The following is the outcome of the present review of the literature.

  1. 1.

    During quenching, residual thermal and transformation stresses fluctuate at the surface and the core from tensile to compressive and vice versa. The final residual stress distribution depends on whether the start of martensitic transformation occurs before/after or at the same time as the inversion of residual thermal stress. Based on the initiation time of martensitic transformation, the residual stress distribution in steels are classified into thermal, transitional, and transformation types. The stress distribution is significantly influenced by the section thickness of the component and the type of quenchant.

  2. 2.

    The current research work involving the simulation of quenching mostly uses a constant value of heat transfer coefficient (HTC) to model the temperature distribution. Using spatiotemporal heat transfer coefficient to model the temperature field incorporating the effect of rewetting kinetics and kinematics would improve the accuracy of residual stress distribution.

  3. 3.

    Estimation of the spatiotemporal HTC/ heat flux could be done for various steel/quenchant combinations using the IHCP method. The method estimates the interfacial heat flux by using the measured cooling curves within the specimen. CFD analysis along with empirical boiling heat transfer correlations could be integrated to the quenching simulation for the estimation of HTC. However, for this purpose, the thermophysical properties of the quench media have to be known.

  4. 4.

    A uniformity parameter must be defined for a quenchant indicating the uniformity of heat transfer.

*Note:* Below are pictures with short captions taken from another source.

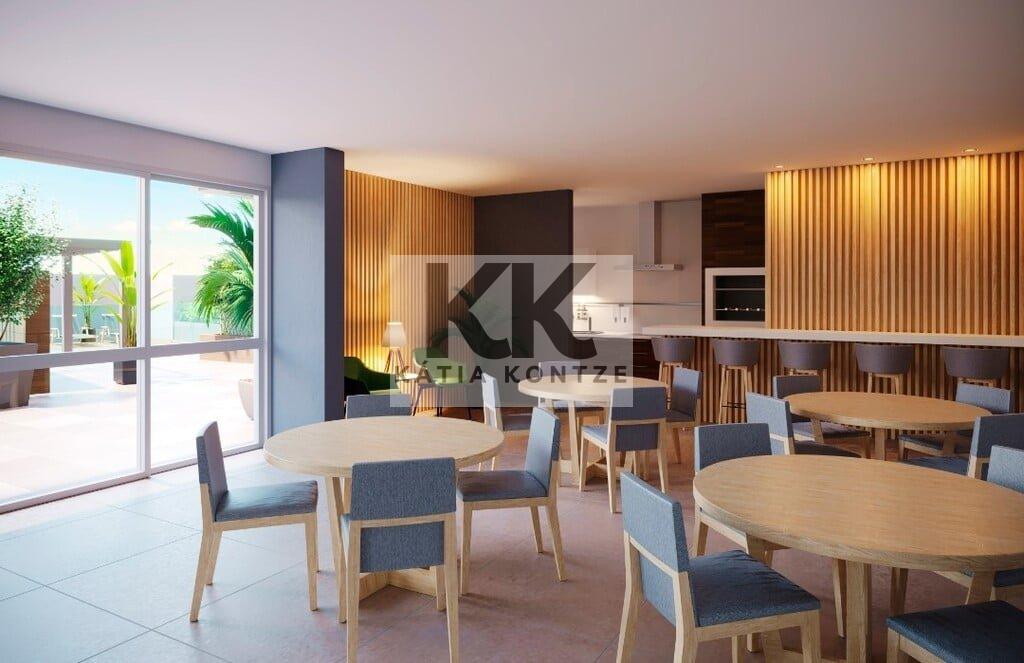 Apartamento Curaçao Acqua Home 1 suíte 77m² Edmundo Bastian Porto Alegre - 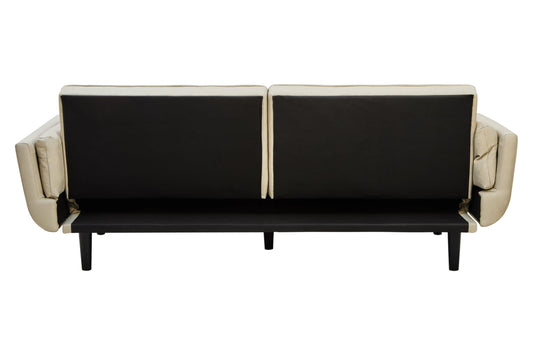 Marlowe 3 Seat Beige Sofa Bed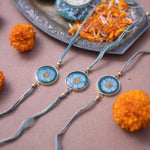 Aster Flower Rakhi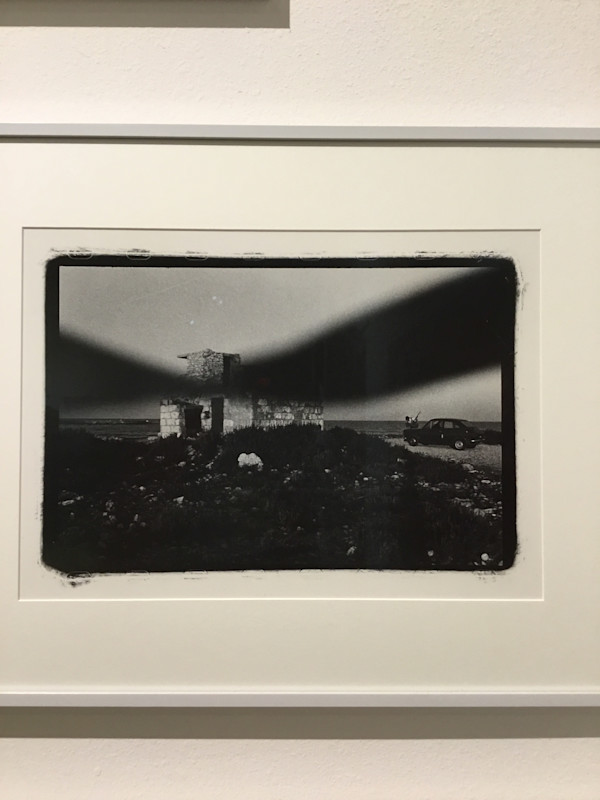 Untitled (stone building) by Ted Kuykendall (RAiR 1985-87)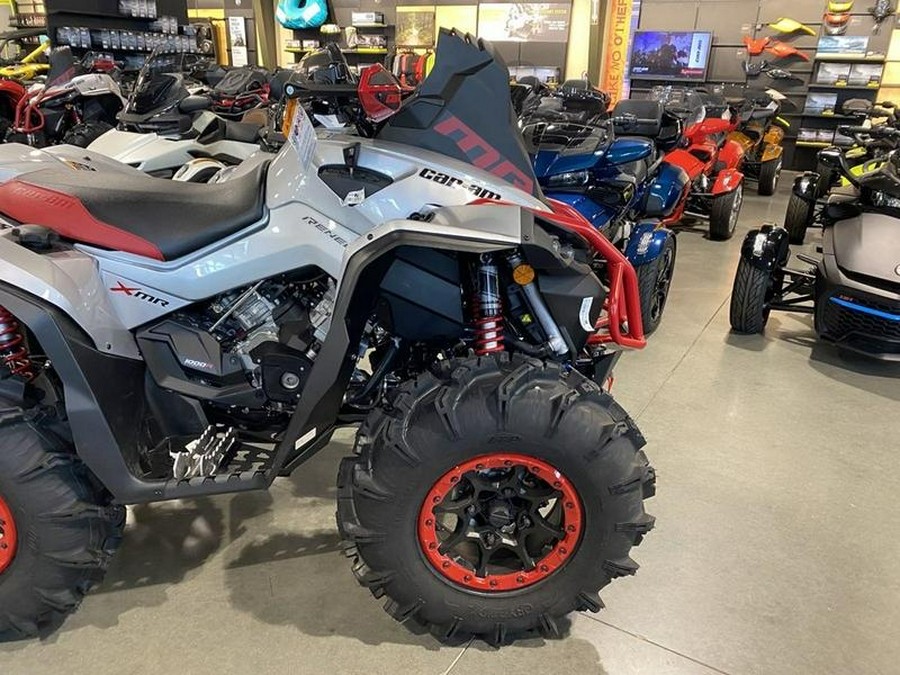 2024 Can-Am® Renegade X mr 1000 R Hyper Silver & Legion Red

A database on the quenchant’s uniformity, severity and HTC would benefit heat-treaters in selecting a quench medium to minimize residual stress and distortion. An artificial neural network (ANN) model would be of great utility in predicting the type of quench medium required for quenching a particular steel grade.

  5. 5.

    The rewetting or the wetting front velocity significantly affects the magnitude and uniformity of metal/quenchant interfacial heat flux. The increase in wetting front velocity increased the magnitude of heat flux. Very high and low wetting front velocity caused significant spatial nonuniformity of heat flux.

  6. 6.

    The wetting front velocity is an inherent property of the quenchant and varies significantly with the kinematic viscosity and the solid/liquid interfacial tension. The wetting front velocity showed an exponential decrease with increase in viscosity and a linear decrease with increase in interfacial tension.

  7. 7.

    The effect of thermophysical properties of quenchants on the magnitude of heat flux indicated that the heat flux increased with increase in thermal conductivity and decreased with increase in kinematic viscosity and solid/liquid interfacial tension.

  8. 8.

    Distortion during quenching could be significantly minimized using alternative quenching methods such as intensive quenching. The HTCs estimated in this method are of the order 20,000-50,000 W/m2K. The technique minimizes distortion and improves the mechanical properties of the steel component.

  9. 9.

    Quenching in liquids that show minimum or no film boiling stage improved heat transfer uniformity. The presence of high molecular weight triglyceride molecules in vegetable oils increased the boiling temperature, indicating a minimum or no film boiling stage. Heat transfer in ionic liquids or molten salts occurs in two stages only, and the film boiling stage is absent.